Michigan dropped a 13-6 contest to the Irish last season, and this year’s bout should prove to be another defensive affair. With two young offenses and a couple well-established defenses, don’t expect a lot of scoring.
A win for either team will go a long way toward a title campaign in 2013. For Michigan, taking on a 2012 national title contender will be the ultimate litmus test for the 2013 season.
November 9: Nebraska
Denard Robinson left last year’s game with an elbow injury and Michigan’s offense never recovered.
The Wolverines will once again be without Robinson, but this time it won’t be unexpected. With his departure for the NFL draft this offseason, Michigan will prepare to take the field with Devin Gardner at the helm.
Gardner did a respectable job in relief of Robinson last season, and he proved that he can be the signal-caller to lead the Wolverines to big things in 2013. If Michigan can traverse its way to the Nebraska contest unscathed, he’ll also have a chance to put away the Cornhuskers en route to a potential Big Ten title.

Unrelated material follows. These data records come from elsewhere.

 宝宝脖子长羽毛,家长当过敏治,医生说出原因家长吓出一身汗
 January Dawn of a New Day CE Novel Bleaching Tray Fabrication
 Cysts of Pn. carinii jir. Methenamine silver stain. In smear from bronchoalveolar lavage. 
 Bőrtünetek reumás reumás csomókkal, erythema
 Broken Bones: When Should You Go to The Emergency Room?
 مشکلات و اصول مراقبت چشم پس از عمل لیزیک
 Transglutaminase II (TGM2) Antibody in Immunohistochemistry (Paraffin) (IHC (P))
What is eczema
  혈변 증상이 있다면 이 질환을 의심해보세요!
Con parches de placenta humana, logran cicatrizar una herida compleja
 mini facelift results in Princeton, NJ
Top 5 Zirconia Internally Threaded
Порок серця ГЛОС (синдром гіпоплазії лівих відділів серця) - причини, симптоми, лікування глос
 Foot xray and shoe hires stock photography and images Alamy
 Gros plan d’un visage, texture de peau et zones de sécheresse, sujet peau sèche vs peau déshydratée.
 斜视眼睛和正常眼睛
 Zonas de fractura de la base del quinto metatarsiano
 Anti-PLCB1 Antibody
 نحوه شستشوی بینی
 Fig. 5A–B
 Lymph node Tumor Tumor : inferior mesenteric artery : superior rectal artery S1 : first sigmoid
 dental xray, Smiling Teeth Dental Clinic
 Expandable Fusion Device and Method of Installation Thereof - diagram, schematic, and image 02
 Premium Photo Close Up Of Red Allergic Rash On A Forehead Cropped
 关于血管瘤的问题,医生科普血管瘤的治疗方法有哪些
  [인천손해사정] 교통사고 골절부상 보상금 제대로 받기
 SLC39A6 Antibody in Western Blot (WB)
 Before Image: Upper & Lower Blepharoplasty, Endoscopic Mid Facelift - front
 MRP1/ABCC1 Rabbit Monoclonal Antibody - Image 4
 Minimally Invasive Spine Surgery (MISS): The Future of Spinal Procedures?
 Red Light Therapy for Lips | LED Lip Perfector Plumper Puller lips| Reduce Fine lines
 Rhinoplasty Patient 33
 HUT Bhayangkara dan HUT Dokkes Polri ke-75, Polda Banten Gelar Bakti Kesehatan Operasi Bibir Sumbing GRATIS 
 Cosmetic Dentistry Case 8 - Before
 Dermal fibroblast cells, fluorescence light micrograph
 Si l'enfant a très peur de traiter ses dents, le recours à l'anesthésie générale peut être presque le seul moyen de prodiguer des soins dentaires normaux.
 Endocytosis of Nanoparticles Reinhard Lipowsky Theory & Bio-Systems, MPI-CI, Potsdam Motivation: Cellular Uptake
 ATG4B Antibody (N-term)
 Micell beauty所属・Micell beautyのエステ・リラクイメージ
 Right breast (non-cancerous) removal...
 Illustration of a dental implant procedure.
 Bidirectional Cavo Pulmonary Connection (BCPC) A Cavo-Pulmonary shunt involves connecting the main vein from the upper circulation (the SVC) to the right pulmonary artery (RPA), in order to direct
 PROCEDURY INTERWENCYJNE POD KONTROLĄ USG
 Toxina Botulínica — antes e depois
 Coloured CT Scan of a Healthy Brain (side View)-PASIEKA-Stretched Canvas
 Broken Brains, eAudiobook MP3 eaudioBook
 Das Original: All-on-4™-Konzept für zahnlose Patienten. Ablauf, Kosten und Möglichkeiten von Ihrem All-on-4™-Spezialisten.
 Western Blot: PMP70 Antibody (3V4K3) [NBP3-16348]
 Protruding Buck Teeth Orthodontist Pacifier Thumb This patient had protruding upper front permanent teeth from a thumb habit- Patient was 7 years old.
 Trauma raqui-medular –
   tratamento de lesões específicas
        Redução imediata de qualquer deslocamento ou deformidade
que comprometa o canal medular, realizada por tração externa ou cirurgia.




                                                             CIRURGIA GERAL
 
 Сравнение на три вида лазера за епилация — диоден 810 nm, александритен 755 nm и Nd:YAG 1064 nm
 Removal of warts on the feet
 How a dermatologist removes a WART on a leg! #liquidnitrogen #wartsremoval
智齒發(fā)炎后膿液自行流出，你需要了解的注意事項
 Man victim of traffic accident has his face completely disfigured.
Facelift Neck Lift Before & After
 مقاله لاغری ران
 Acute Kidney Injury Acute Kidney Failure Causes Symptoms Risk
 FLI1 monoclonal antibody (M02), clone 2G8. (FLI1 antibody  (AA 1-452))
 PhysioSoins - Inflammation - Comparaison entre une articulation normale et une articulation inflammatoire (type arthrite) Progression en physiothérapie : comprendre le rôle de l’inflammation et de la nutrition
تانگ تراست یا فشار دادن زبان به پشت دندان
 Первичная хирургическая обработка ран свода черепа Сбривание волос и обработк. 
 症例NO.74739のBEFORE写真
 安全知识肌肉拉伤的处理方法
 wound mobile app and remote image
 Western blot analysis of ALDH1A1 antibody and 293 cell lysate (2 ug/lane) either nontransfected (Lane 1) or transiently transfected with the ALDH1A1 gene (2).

The key to victory for Michigan will once again be stopping Nebraska’s rushing attack. The Cornhuskers rushed for 160 yards on 6.9 yards per carry against Michigan last season, and a repeat performance will likely mean a loss for the Wolverines this year.
November 16: Northwestern
Northwestern was a pleasant surprise in the Big Ten last year. The Wildcats went 10-3 (5-3 in the Big Ten), but one of their conference losses came at the hands of the Wolverines.
Michigan eluded a 248-yard rushing performance from the Wildcats in their 38-31 overtime win last season. Like their Nebraska matchup, the Wolverines won’t have a chance if they allow big rushing totals like that this year.
The final four games of the season will be a tough stretch for Michigan. Nebraska, Northwestern, Iowa and Ohio State will all present challenging matchups, and finding a way to stay focused and prepared will be paramount in Michigan’s success.
November 30: Ohio State
There isn’t a bigger matchup on any schedule than that of Michigan and Ohio State.
Arguably the best rivalry in all of sports, the Wolverines and Buckeyes will square off in the final week of the regular season—perhaps with a Big Ten title on the line.
While the rest of the conference has taken a hit in recent years, Ohio State and Michigan have gotten stronger. Hoke and Urban Meyer understand the intense rivalry between their programs, and there’s a good chance this game is one of the best of the entire football season.
It’s too early to tell what will be in store for both teams when they face off, but pride is the ultimate motivational factor. Regardless of rankings and records, there isn’t a bigger game on the slate for Michigan this season.